Initially, simulations and experiments with an unshaped pulse input force were performed to observe the sways and to obtain important parameters for controller design. In this case, nominal crane parameters were used. As expected, it was found that the MTS and MAE values were higher than the previous case presented in Table 3. Figure 24 shows the hook and DMP sway responses under concurrent trolley motion and payload hoisting. It was noted that despite using the same shaper parameters, the ORCS provided the best performance compared to the other shapers. This is an advantage, as the other shapers need to be re-designed. The ORCS provided the lowest MTS values for the payload sway response as 1.05 deg and 1.02 deg for simulation and experiment respectively, and the lowest MAE values of 0.55 deg and 0.34 deg. The highest robustness of the ORCS is further shown in Figure 25 with the percentage of improvements in the payload sway with ORCS as compared to the other robust shapers. With experiment, the ORCS improved the MTS by 49% and 31% as compared to the ATL-ZVD and ATL-ETM5 shapers respectively. The MAE values were improved by 42% and 28%. Sway responses of the DPOC using pulse shaped inputs (a) Hook simulation, (b) Payload simulation, (c) Hook experiment, (d) Payload experiment. Improvements achieved with the ORCS as compared to ATL-ZVD and ATL-ETM5 shapers with a pulse input profile.
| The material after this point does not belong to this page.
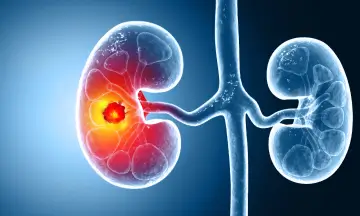 what causes kidney cancer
5.3. Challenges and limitations
The following issues are among potential limitations and challenges of the proposed ORCS shaper. (a) As the approach is based on a linear system and linearisation process is required, inaccurate linear model might affect the performance of the controller. (b) As compared to the other comparative input shapers that calculate their parameters only by solving Equations (24) and (30), the proposed technique involved more complex mathematical equations together with inversion of matrix given in Equation (23). Therefore, it is expected that its computational burden is higher. In addition, choosing a higher order reference model will increase the matrix size and also the computational time. In this case, more investigations are required to study the trade-off between the level of crane’s sway reductions and the computational complexity in implementing the controller. (c) Similar to other input shapers, this approach is not able to handle external disturbances such as wind.
6. Conclusion
In this paper, an output-based reference command shaper (ORCS) was designed for swing control of a DPOC carrying DMP. The shaper was successfully implemented in simulation and experiment on a laboratory crane. The effectiveness and robustness of the shaper was examined under several scenarios involving payload hoisting, changes up to 25% in the payload masses and lengths and different input profiles. Without the requirement for measurement or estimation of system dynamics and the need for controller re-design, the ORCS provided the best performance in the reduction of hook and payload sways in comparison to the robust multimode ATL-ZVD and ATL-ETM5 shapers in all testing scenarios. Furthermore, the speed of the trolley position response can be maintained similar to the other shapers. Future works will investigate the application of this controller on rotational cranes carrying a distributed-mass payload. In addition, the computational complexity in implementing the controller and the amount of energy saving achieved will also be investigated.
Footnotes
Funding
The authors received no financial support for the research, authorship, and/or publication of this article.
Declaration of conflicting interests
The authors declared no potential conflicts of interest with respect to the research, authorship, and/or publication of this article.